- REQUIRED ACTION -
When you write out the listing, keep every character and omit the pictures.
(PROVIDED MATERIAL)
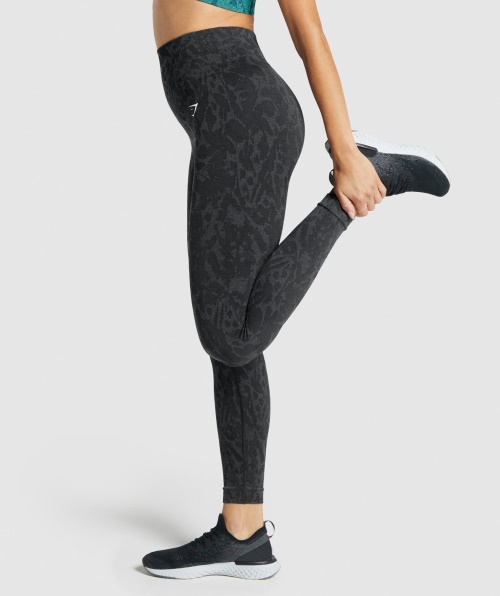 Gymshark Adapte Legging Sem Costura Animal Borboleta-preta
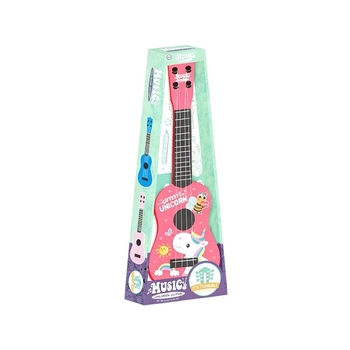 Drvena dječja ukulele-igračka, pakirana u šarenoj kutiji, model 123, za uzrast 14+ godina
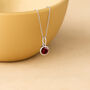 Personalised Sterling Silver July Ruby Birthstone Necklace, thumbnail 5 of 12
(End PROVIDED MATERIAL)
- RESPONSE TO THE TASK -
 Gymshark Adapte Legging Sem Costura Animal Borboleta-preta
 Drvena dječja ukulele-igračka, pakirana u šarenoj kutiji, model 123, za uzrast 14+ godina
 Personalised Sterling Silver July Ruby Birthstone Necklace, thumbnail 5 of 12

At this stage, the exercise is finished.